Na mesma plataforma de mídia social,
O primeiro presidente de esquerda da Colômbia, que não concorrerá nas eleições de Maio porque a Constituição permite apenas um mandato, também foi fotografado a sair da Casa Branca com um boné vermelho Maga (Make America Great Again).
Numa conferência de imprensa no Salão Oval, pouco depois da reunião, perguntaram a Trump se tinham chegado a um acordo sobre o tráfico de drogas (a posição da Colômbia como o maior produtor mundial de cocaína tinha sido uma característica consistente das suas críticas à Petro) e disse que sim.
“Nos dávamos muito bem. Ele e eu não éramos exatamente os melhores amigos, mas não me senti insultado (com os comentários de Petro) porque nunca o conheci. Não o conhecia e nos dávamos muito bem”, disse o presidente dos EUA.
Em entrevista à Rádio Caracol da Colômbia, Petro elogiou Trump. “A verdade é que gosto do Frank gringos. Pessoas que dizem o que sentem. Sem dúvida somos muito diferentes, mas primeiro há franqueza”, afirmou.
Trump acrescentou que a reunião foi “muito produtiva” e “fantástica” e que continuariam a trabalhar “em outras questões, incluindo sanções”.
Apesar do tom cordial, não houve anúncio imediato sobre a retirada de Petro da chamada “lista Clinton”. Em Outubro, Petro, a sua esposa, o seu filho e o seu Ministro do Interior foram listados pelo Gabinete de Controlo de Activos Estrangeiros (Ofac) do Departamento do Tesouro dos EUA pelo que o Departamento do Tesouro dos EUA disse ser “o seu envolvimento no tráfico ilícito global de drogas”.

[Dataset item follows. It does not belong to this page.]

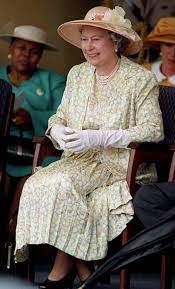 March 1995 Queen Prince Philip Chatting Together During A Visit To Vukuzakhe High School In Durban South Africa Queen Hat Queen Dress Her Majesty The Queen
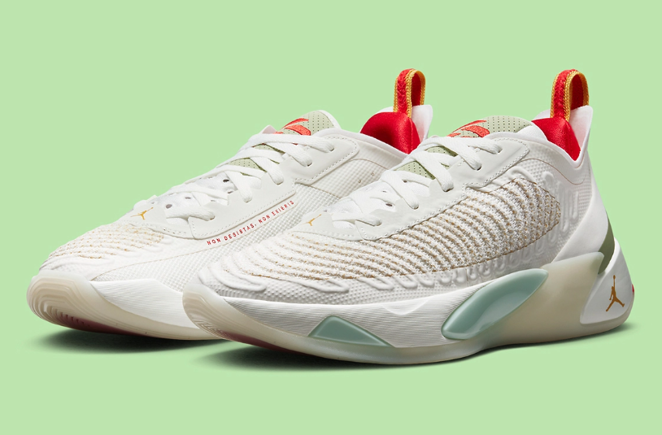 Jordan Luka 1. Una zapatilla cuya versión de la colección Year of the rabbit se reinventa en color crema revestida con una malla muy unida y las capas protectoras de TPU, con contraste en la lengüeta y los paneles laterales. Precio: 130 euros.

Petro disse que não discutiu o assunto com Trump, mas acrescentou: “Se houvesse provas legais, eu não estaria falando aqui; estou na lista da OFAC por causa do que disse em Nova York”.
O presidente colombiano referia-se à cimeira da ONU do ano passado em Nova Iorque, quando apelou aos soldados norte-americanos para desobedecerem a quaisquer ordens ilegais dos seus comandantes durante uma manifestação pró-Palestina. Depois disso, seu visto foi revogado e Washington concedeu-lhe um visto especial específico para esta viagem.
Numa conferência de imprensa na embaixada da Colômbia em Washington, Petro disse que o seu governo “apreendeu mais milhares de toneladas de cocaína do que em qualquer outro momento da história da humanidade”.
Ele disse que disse a Trump que “temos que ir atrás do chefes”, os chefes do crime, que não vivem na Colômbia, mas “em Dubai, em Madrid, em Miami. As agências dos EUA sabem quem são. Dei seus nomes ao presidente Trump”, disse Petro.
Antes da reunião, o governo colombiano extraditou para os Estados Unidos Andrés Felipe Marín Silva, conhecido como “Pipe Tuluá”, identificado como líder de uma quadrilha de traficantes. O ministro da Defesa, Pedro Sánchez, disse que a medida demonstra que “a Colômbia é um parceiro confiável e continuará a trabalhar com os Estados Unidos com respeito, cooperação e ações concretas, protegendo os cidadãos e sufocando aqueles que vivem do crime”, disse Sánchez.